Synthesis and Efficient Visible Light Photocatalytic Hydrogen Evolution of Polymeric g-C3N4 Coupled with CdS Quantum Dots

• Published in: Journal of physical chemistry. C Vol. 116; no. 25; pp. 13708 - 13714
• Main Authors: Ge, Lei, Zuo, Fan, Liu, Jikai, Ma, Quan, Wang, Chen, Sun, Dezheng, Bartels, Ludwig, Feng, Pingyun
• Format: Journal Article
• Language: English
• Published: Columbus, OH American Chemical Society 28.06.2012
• Subjects: Catalysis; Catalysts: preparations and properties; Chemistry; Cross-disciplinary physics: materials science; rheology; Exact sciences and technology; General and physical chemistry; General, apparatus; Materials science; Nanoscale materials and structures: fabrication and characterization; Other topics in nanoscale materials and structures; Physics; Quantum dots; Surface physical chemistry; Theory of reactions, general kinetics. Catalysis.
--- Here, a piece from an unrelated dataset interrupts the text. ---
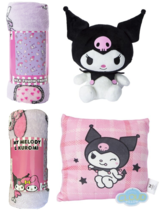 KUROMI Hello Kitty 3pc Collection Bundle Blanket Plush Pillow Sanrio NEW w Tags - £24.91 GBP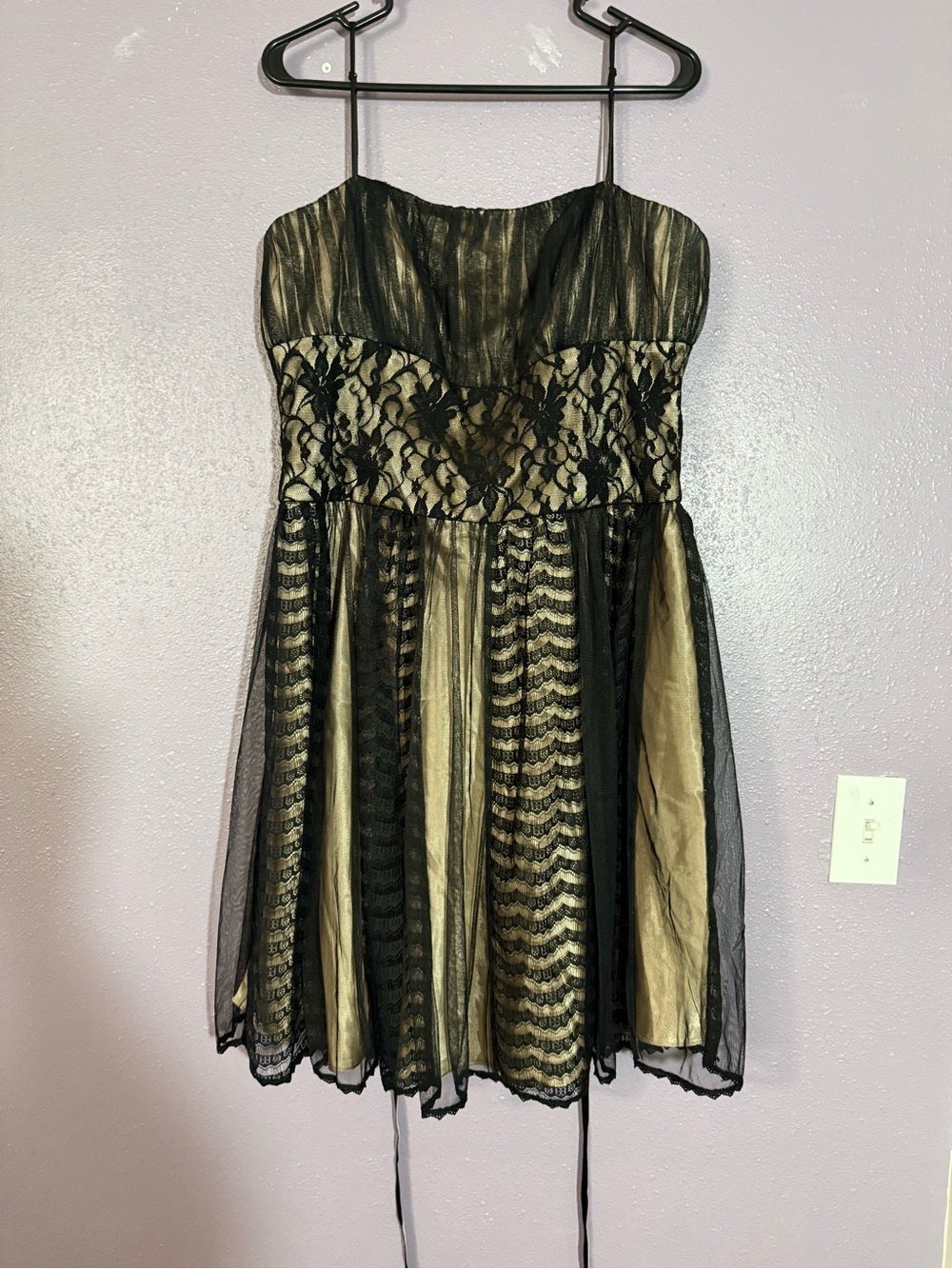 Black and blush Lace Overlay Dress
Nomenclature, chemical documentation, computer chemistry; Quantum dot; Fourier transform spectroscopy; Chemical method; Photocatalysis; Charge carrier; Photoluminescence; Carbon; X ray diffraction; Composite material; Nitrides; Transmission electron microscopy; Platinum; Radiation effect; Charge carrier generation; Alcoholic solution; Aqueous solution; Catalyst activity; Nanostructured materials; Catalyst; X-ray photoelectron spectra
• ISSN: 1932-7447; 1932-7455
• DOI: 10.1021/jp3041692

Novel CdS quantum dot (QD)-coupled graphitic carbon nitride (g-C3N4) photocatalysts were synthesized via a chemical impregnation method and characterized by X-ray diffraction, transmission electron microscopy, ultraviolet–visible diffuse reflection spectroscopy, X-ray photoelectron spectroscopy, Fourier transform infrared spectroscopy, and photoluminescence spectroscopy. The effect of CdS content on the rate of visible light photocatalytic hydrogen evolution was investigated for different CdS loadings using platinum as a cocatalyst in methanol aqueous solutions. The synergistic effect of g-C3N4 and CdS QDs leads to efficient separation of the photogenerated charge carriers and, consequently, enhances the visible light photocatalytic H2 production activity of the materials. The optimal CdS QD content is determined to be 30 wt %, and the corresponding H2 evolution rate was 17.27 μmol·h–1 under visible light irradiation, ∼9 times that of pure g-C3N4. A possible photocatalytic mechanism of the CdS/g-C3N4 composite is proposed and corroborated by photoluminescence spectroscopy and photoelectrochemical curves.